ガクンと膝を折ってその場に倒れ込むチェリー・ブロッサム。
「ちょっと!何をしたのよ!!」
今さら慌てても、もう遅い。
「嬢ちゃん。悪いがこっちも仕事なんでね。カール皇帝を待たせる訳にも行かないだろう?」
(くっ!足の自由が効かない………。)
動けなくなったチェリーにベイベルグがもう一度言う。
「どうやら、ここまでの様だな………。遠距離攻撃の手段が無いお前には、この状況をどうする事も出来まい。」
邪魔者は―――――――――
―――――――――死あるのみ
【チェリーの魔法編④】
「はぁ………。」
チェリーはため息をはいた。
本当に嫌になるわ。
こんな所(過去の世界)にまで来て、アマテラス様に会う事も出来ず。おまけに周りは敵だらけ。
(まぁ、それは自業自得なんだけど……。)
その様子を見たベイベルグが、再びチェリーに言う。
「どうした?怖くて怖じけついたか。なに痛みを感じる暇は与えない。」
ベイベルグがサッと手を挙げると『ラ・ムーア帝国特別魔導師団』の魔導師達が一斉に攻撃態勢に入る。

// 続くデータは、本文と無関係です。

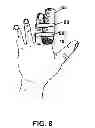 Fig. 08 - MOBILIZING MUSCULOSKELETAL STRUCTURES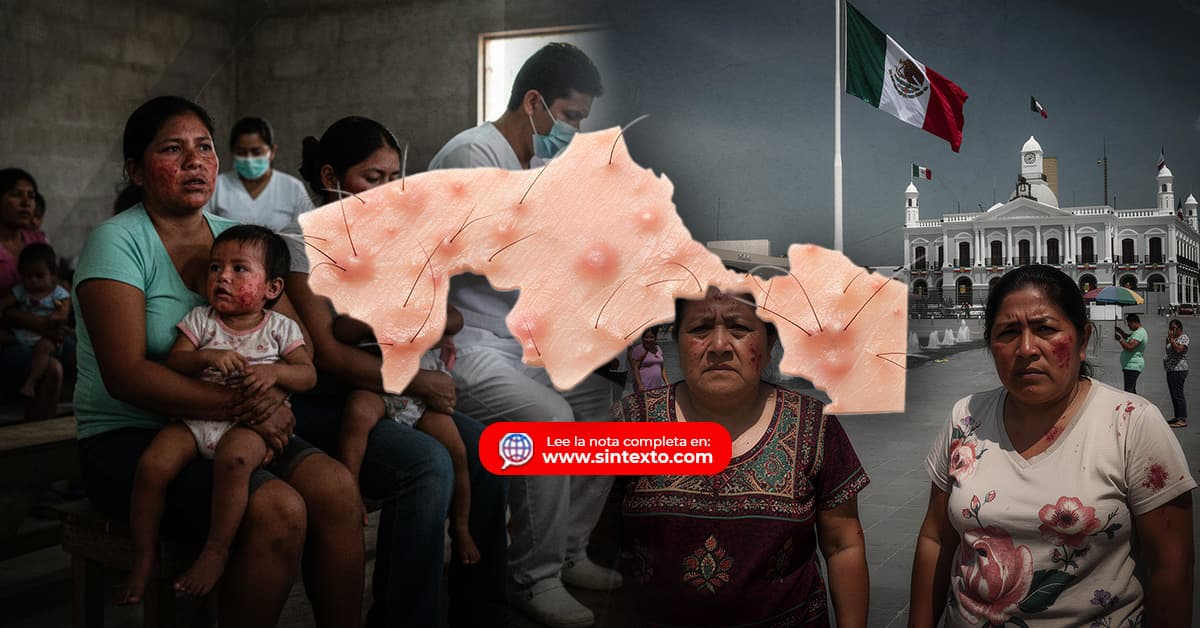 Acumula Tabasco 50 casos de Sarampión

「死ぬ前に一つ質問をしよう。お前は何者だ?なぜフレアを助ける?」
「はぁ……。」
またしても、ため息をはくチェリー。
「なぁんか勘違いをしているようね?」
「なに?」
「まさか、この程度で、あたしに勝てると思っているのかしら?」
「………ふん。負け惜しみか。」
「う~ん。仕方ないわね。どうして、あたしが最強なのか教えてあげるわ。」
「…………。」
「『爆破の魔法』………。あたしは触れるもの全てを爆発させる事が出来るの。」
「ふむ。それが先ほどの爆発の正体か……。だが、それがどうした?今の状況ではその魔法も使えまい。」
「加えてあたしは『不老不死』。死ねないのよ。」
「ふ………。」
ガッハッハ!
チェリーの言葉を聞いたベイベルグが大声で笑い始める。
「これは面白い!何を言うかと思ったら『不老不死』とは!」
「う~ん。まぁ信じるも信じないのも勝手だけど……。」
ここからが問題。
どうして、あたしが最強なのか?
それは
あたしの攻撃は必ず当たるのよ。
「………?」
「触れるもの全てを爆発させる『爆破の魔法』。」
あたしの魔法は絶対に避けられない。
そう
あたし自身も回避不能の
―――――――――『究極の魔法』
あたしが『不老不死』だからこそ出来る。
あたししか出来ない魔法。
「何を………言っている?」
チェリー・ブロッサムはベイベルグに言う。
「この魔法はあまり使いたくないのよね。何せ、あたしの身体もバラバラになっちゃうんだもの。痛いなんてもんじゃないわ。」
射程距離、半径3キロメートル
出力1000%
爆破対象―――――――――
この空間に充満している
――――――――――――『大気』
「!!」
「ピンク・エクスプローション(仮)!!!」
大気中のあらゆる気体が
チェリーの魔法に反応する。
「撃て!!奴を殺せ!!」
ベイベルグの怒声が戦場にこだまする。
と同時に
ドドドドドドッドッカーンッ!!!!
あまりにも強力な大爆発!
まるで、核ミサイルでも落とされたかのような衝撃音が、『帝都アレキサンドリア』の一角に鳴り響いた。